### COLLECTED DATA
☆ ☆ ☆ ☆
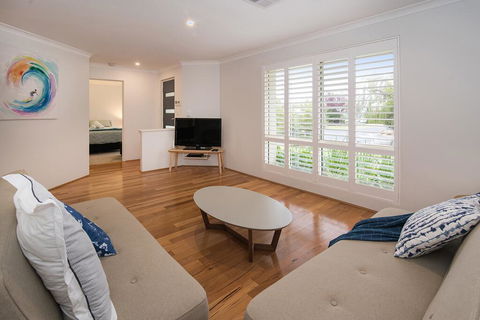 Barefoot Bungalow - Accommodation Newcastle 2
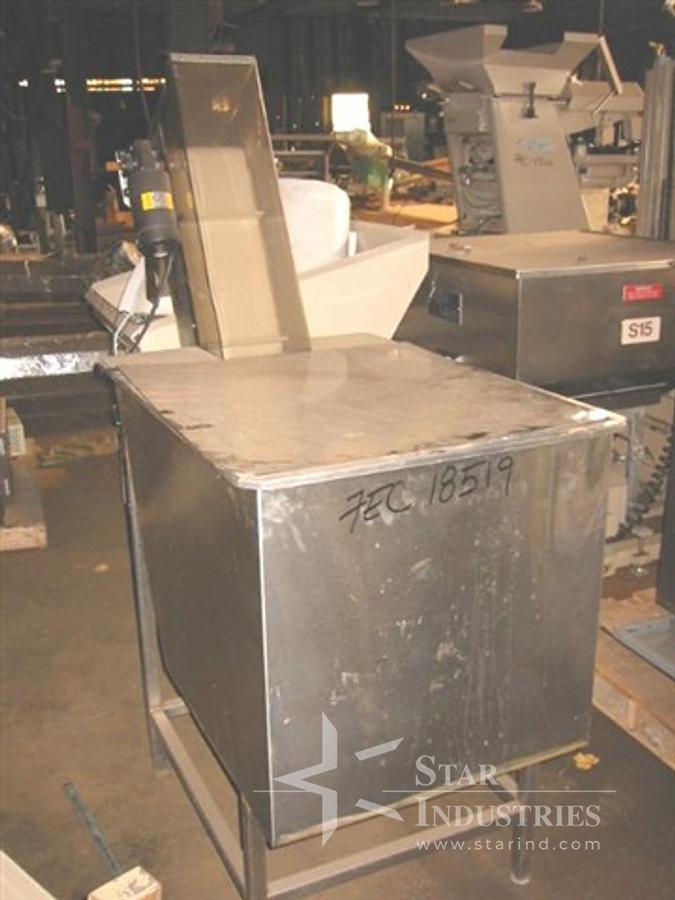 Used CAP ELEVATOR, 5' DISCHARGE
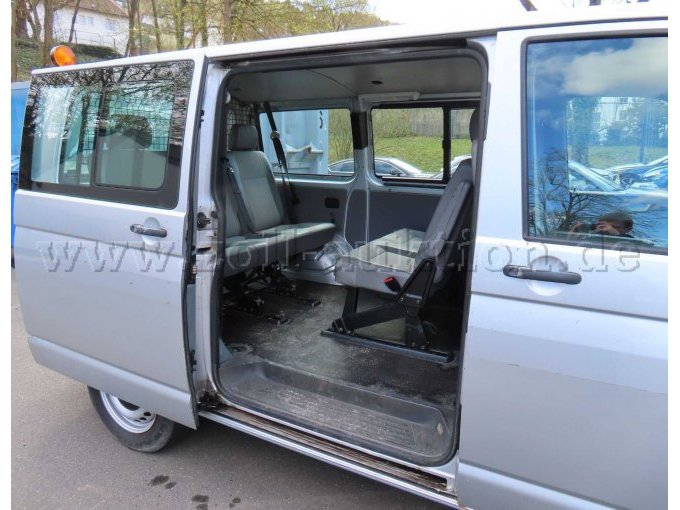 Ansicht seitlich rechts, Fahrgastraum, Beschädigungen von ehemaligen polizeispezifischen Einbauten, Türgriffe verkratzt und ausgeblichen, Schiebetür weist Lackabplatzer auf und ist korrodiert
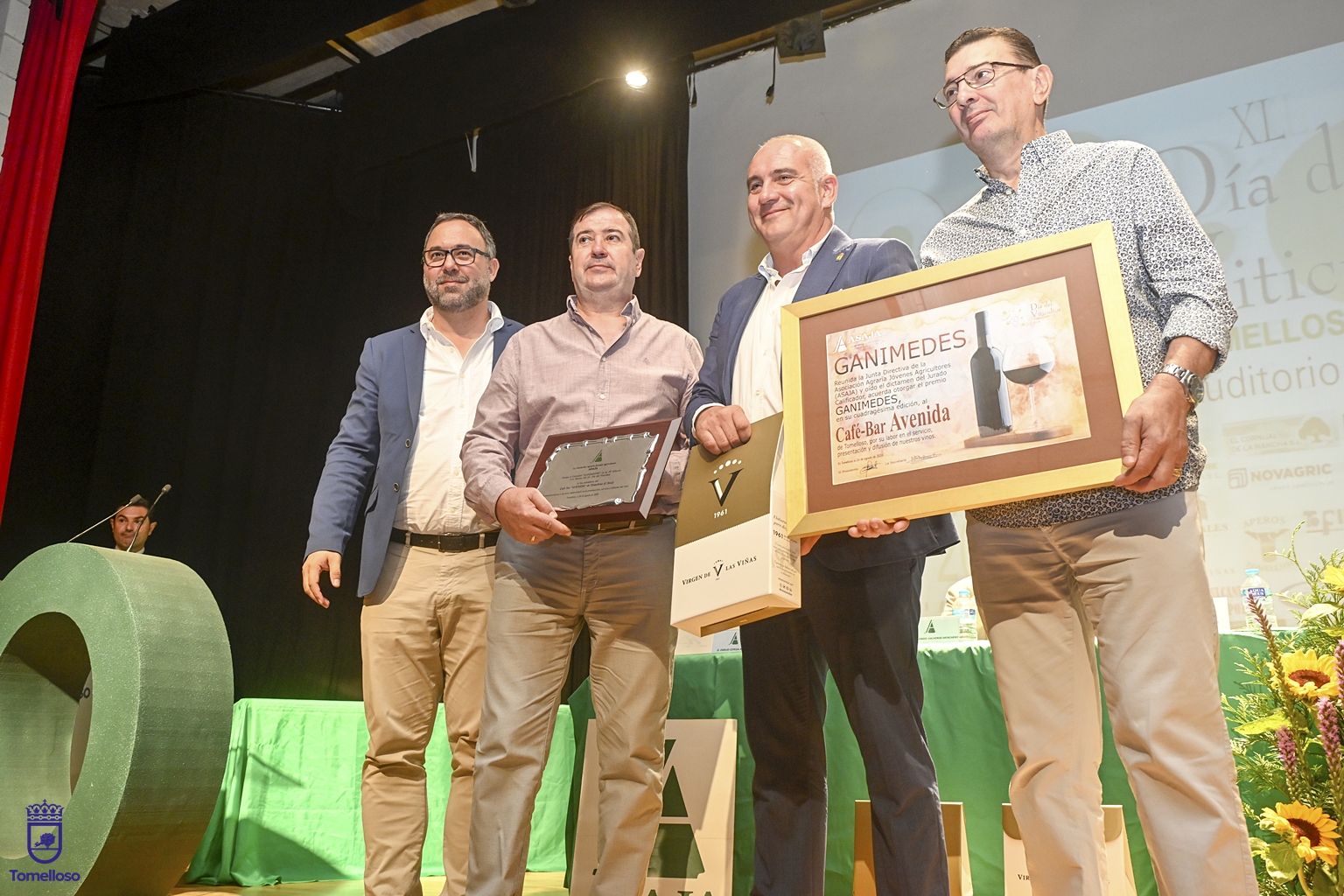 Entrega del premio "Ganímedes" Ciudad de Tomelloso a Café Bar Avenida en el 40 Día del Viticultor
☆ ☆ ☆ ☆
It would help to have the listing above repeated exactly, with all images removed.

 Barefoot Bungalow - Accommodation Newcastle 2
 Used CAP ELEVATOR, 5' DISCHARGE
 Ansicht seitlich rechts, Fahrgastraum, Beschädigungen von ehemaligen polizeispezifischen Einbauten, Türgriffe verkratzt und ausgeblichen, Schiebetür weist Lackabplatzer auf und ist korrodiert
 Entrega del premio "Ganímedes" Ciudad de Tomelloso a Café Bar Avenida en el 40 Día del Viticultor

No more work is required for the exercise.